Detecting Bullshit


GrrlScientist has a good pointer in her Guardian blog entitled “Baloney Detection Kit”, and yes, the title is a heck of a lot more polite than I am. I’ll call a spade a spade … we are awash with bullshit, so it is indeed vital to be armed with a good means to work out what is actually reasonable and rational, and what is pure unadulterated bovine deposit.

She also has the video by Michael Shermer (yep, our friend and hero from Skeptic magazine), so you know its going to be good. He has ten questions you always need to ask yourself when faced with a claim, here they are (with a few notes and comments added by me for each of them).

1. How reliable is the source of the claim?

All sources are simply not equal. Think about it now … “X causes cancer” … if it came from the cashier in Tesco, would you believe it? … what if you read it in the Daily Sport? … or how about the Independent?. If however it was a paper from the British Medical Journal, would that do it for you?

2. Does the source make similar claims?

There are specific media outlets that are more interested in drumming up circulation, so they will fill their pages with claims that might or might not be true, and often are simply there to attract readership. If they have a past track record of highly dubious stuff, you can take anything said with a huge grain of salt. In contrast, media sources that fact check and also link back to studies and papers tend to be credible, and also have a diverse range of news because they follow the data, not a party line.

3. Have the claims been verified by somebody else?

One paper does not make it a done deal, and one witness does not verify that a sighting is real. Have others independently verified the claim.

4. Does this fit with the way the world works?

The royal family are really all giant lizards ruling over us  … and of course we know this is true because that is the way things are … right?

5. Has anyone tried to disprove the claim?

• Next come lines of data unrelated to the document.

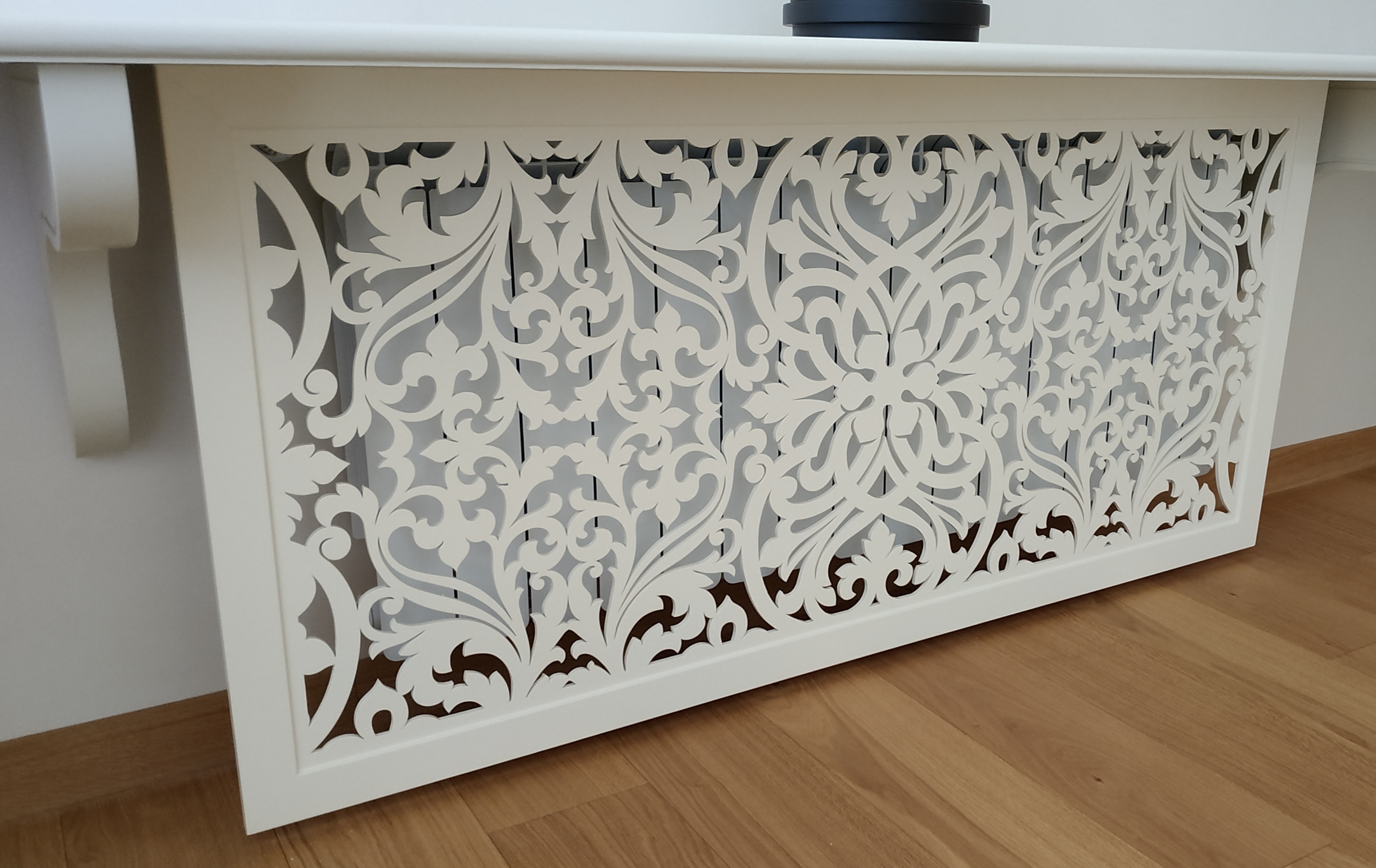 Grille de radiateur chauffant : à quoi sert l'écran et comment est-il fixé à la batterie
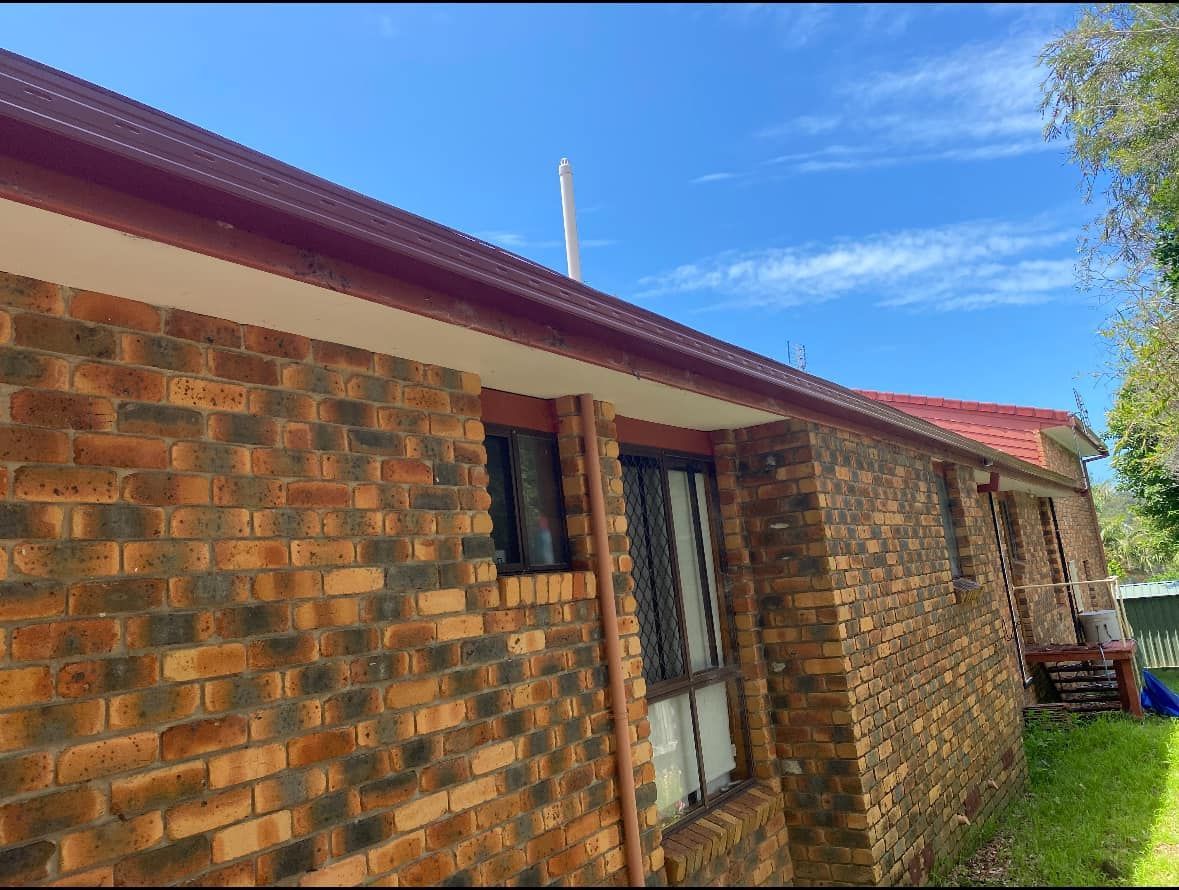 Brick house exterior with red roof trim, blue sky — C&A Roofing in Boambee East, NSW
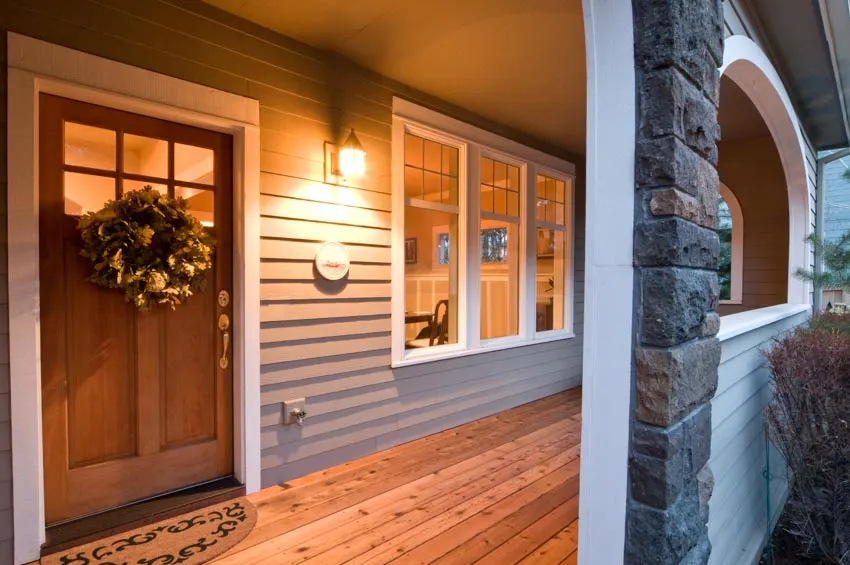 Front porch siding, wood flooring, front door and wall sconce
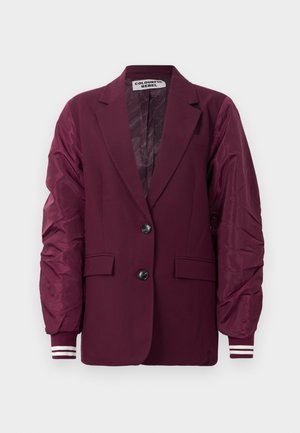 Burgundowy żakiet z dzianinowymi rękawami w stylu bomber, dwoma czarnymi guzikami, klapami, przednimi kieszeniami z klapką oraz detalami w paski na mankietach.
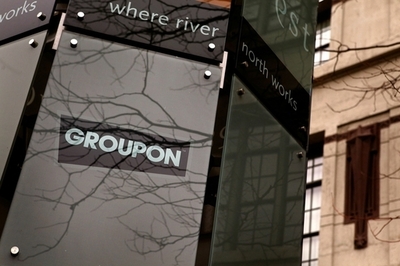 グルーポンが中国進出、米共同購入サイト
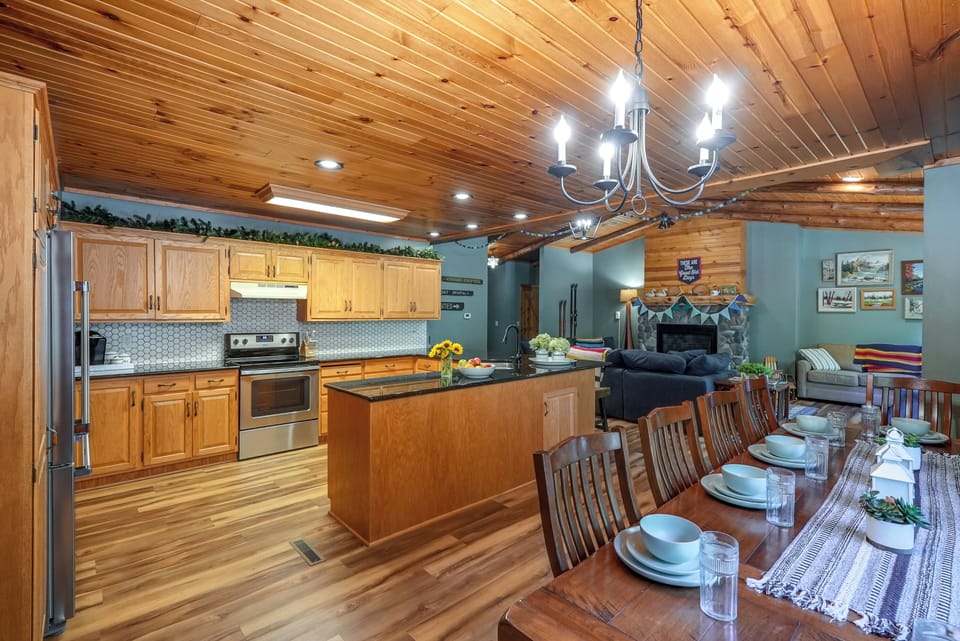Open concept kitchen, dining, and living area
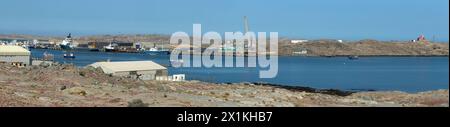 Un panorama du port de Luderitz avec des bateaux de pêche et des navires d'extraction de diamants avec l'ancien phare de Shark Island sur les rochers. Banque D'Images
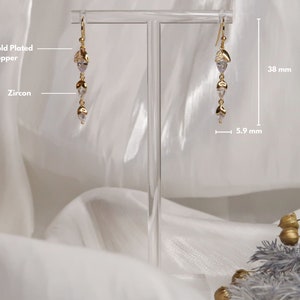 HAZEL Dainty nut earrings 18K gold plated Glittering hazelnut pendant with zircons Elegant, thin, long hanging earrings image 7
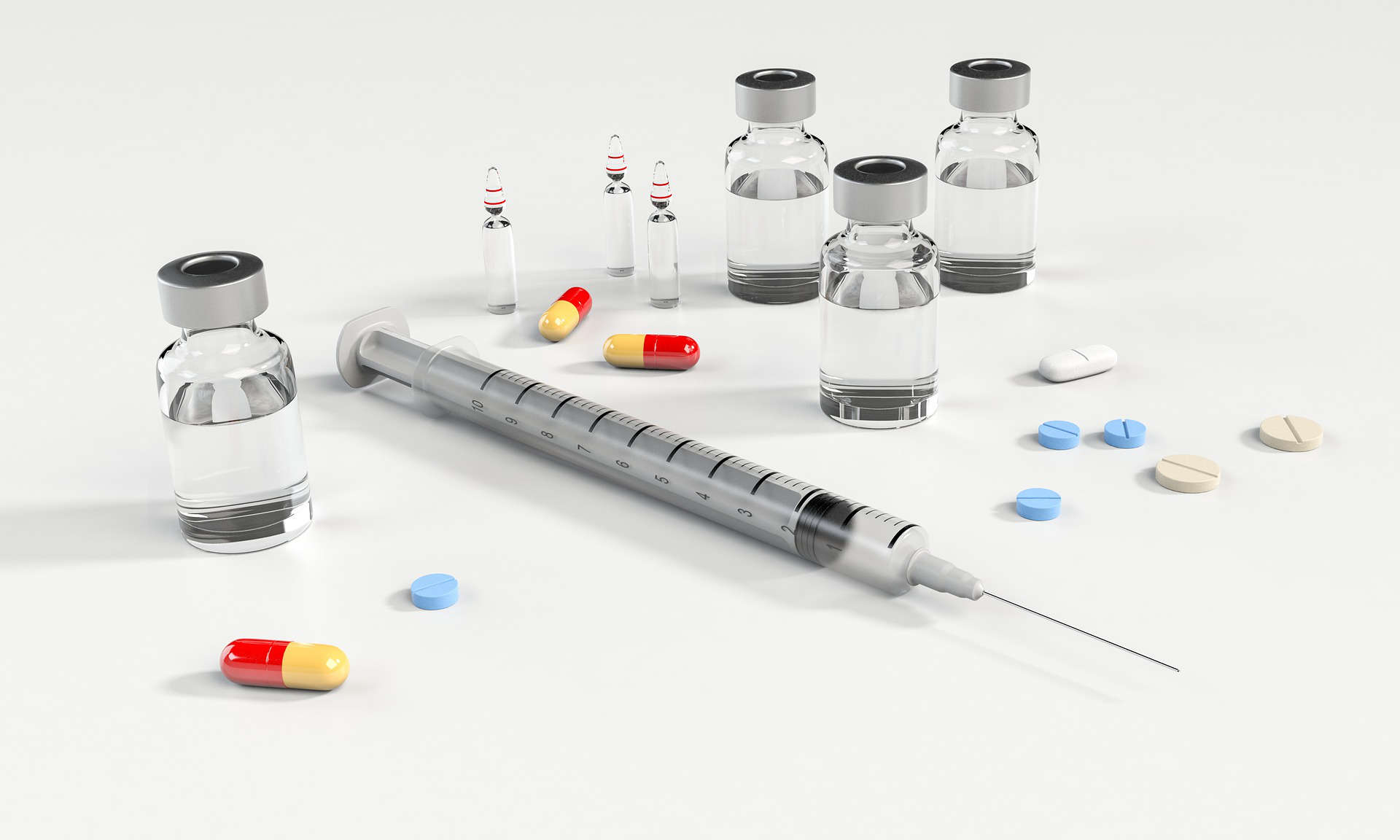 A syringe, multiple vaccine vials, and various colored pills placed on a white surface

“Prayer really works”… Ah but has anybody actually done a proper clinical trial to see if anything measurable actually happens? In fact they have,  I’m sure you can guess the results of the truly scientific tests, but I’ll leave it up to you to google that if curious.

6. Where does the preponderance of evidence point?

“A 600 year all chap put every species on the planet into a boat and saved them all, is it really true?” –  What comes next is perhaps an observation that many cultures have flood myths, so that’s it then it is all true. Ah but wait, do we have any biological evidence, or geological evidence that any of this is true? Nope, not one jot.

7. Is the claimant playing by the rules of science?

Have they proposed a hypotheses that can actually be tested? If not, then it is not scientific. Something that cannot be measured or tested is in fact the same as something that is not real.

8. Is the claimant providing positive evidence?

Creationists will happily tell you what is wrong with evolution.  If you ask them for evidence that supports the “God did it” hypotheses, you simply get more lectures on what is wrong with evolution.

9. Does the new theory account for as many phenomena as the old theory?

You know the true secret of the universe, all we know is wrong and you have a grand unification theory that replaces all that came before it. OK, fine, but can you can explain everything that all those previous theories explained?

10. Are personal beliefs driving the claim?

Indeed yes, folks often start with a belief and then work backwards looking for anything to confirm it, discarding anything that does not fit.

These are all good questions to be asking whenever you are faced with any claim at all, UFOs, Ghosts, Gods, lake monsters, miracle cures, coffee cures cancer, etc… you get the idea. This also need not be a definitive list, I’m sure you can think of lost more, for example …

– Does the claim come packaged with woo words, or new age speak? – “Well this works because of the quantum fluctuations of water memory” … the correct reply to that is ???

– Is real evidence missing and it is simply,said it, hence it must be true –  that of course proves nothing at all, did they really say that?, and even if they did, so what, that is not evidence.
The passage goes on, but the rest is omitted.